§ Source material:

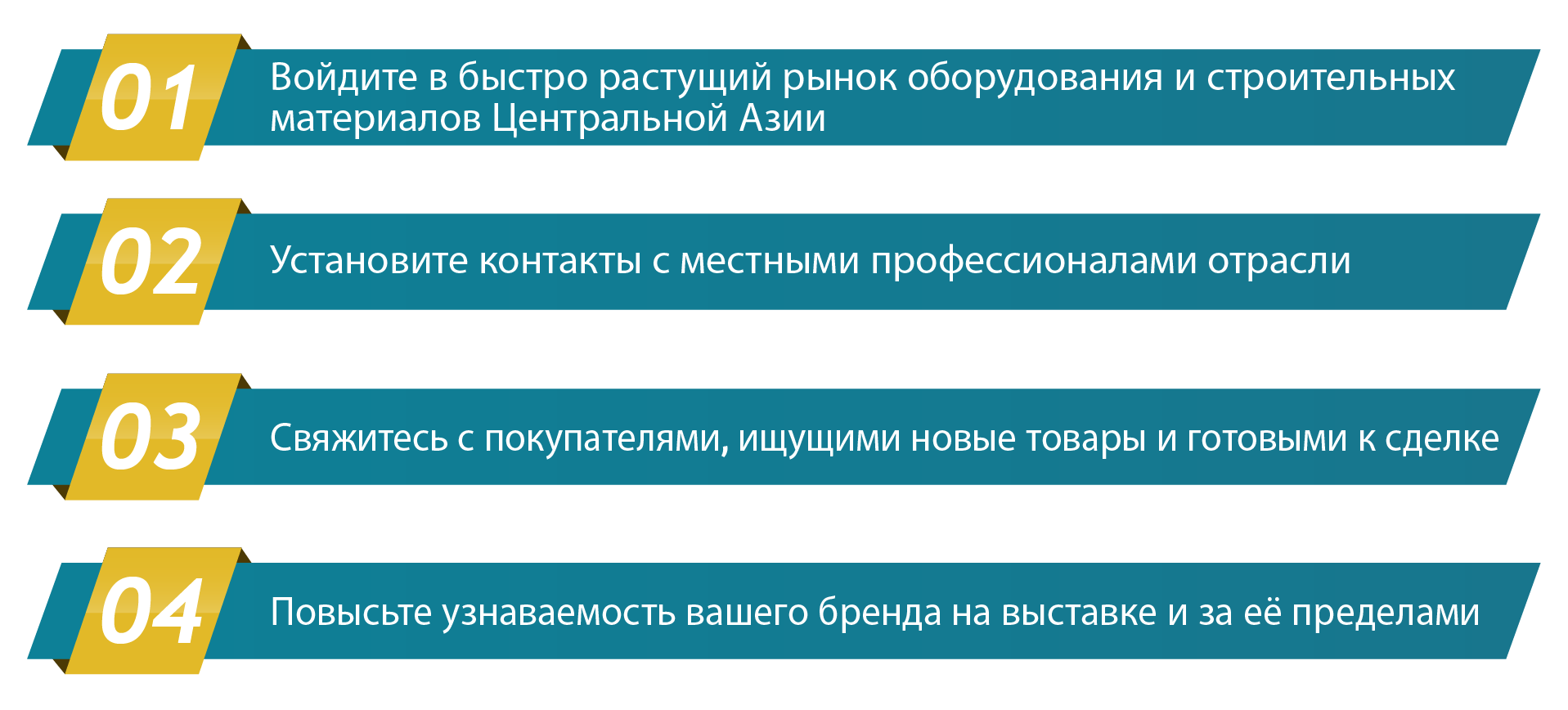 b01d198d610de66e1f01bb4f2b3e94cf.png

* * *

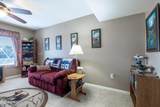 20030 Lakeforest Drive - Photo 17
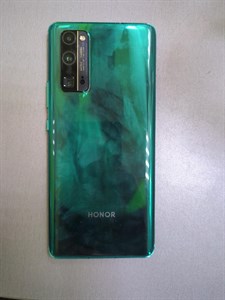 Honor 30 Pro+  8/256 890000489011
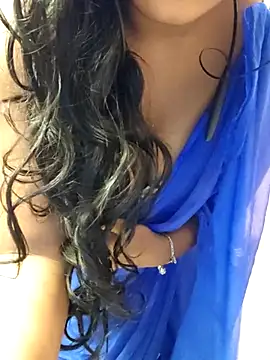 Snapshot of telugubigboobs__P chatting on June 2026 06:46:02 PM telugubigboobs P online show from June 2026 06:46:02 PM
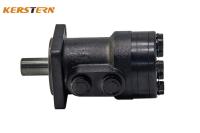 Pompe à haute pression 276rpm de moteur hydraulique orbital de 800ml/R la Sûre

§ Exercise: Output only the stretch above from the line with "Snapshot of telugubigboobs__P" through the line with "Pompe à haute", reproduced exactly. Exclude pictures.

§ Task solution:
 Snapshot of telugubigboobs__P chatting on June 2026 06:46:02 PM telugubigboobs P online show from June 2026 06:46:02 PM
 Pompe à haute pression 276rpm de moteur hydraulique orbital de 800ml/R la Sûre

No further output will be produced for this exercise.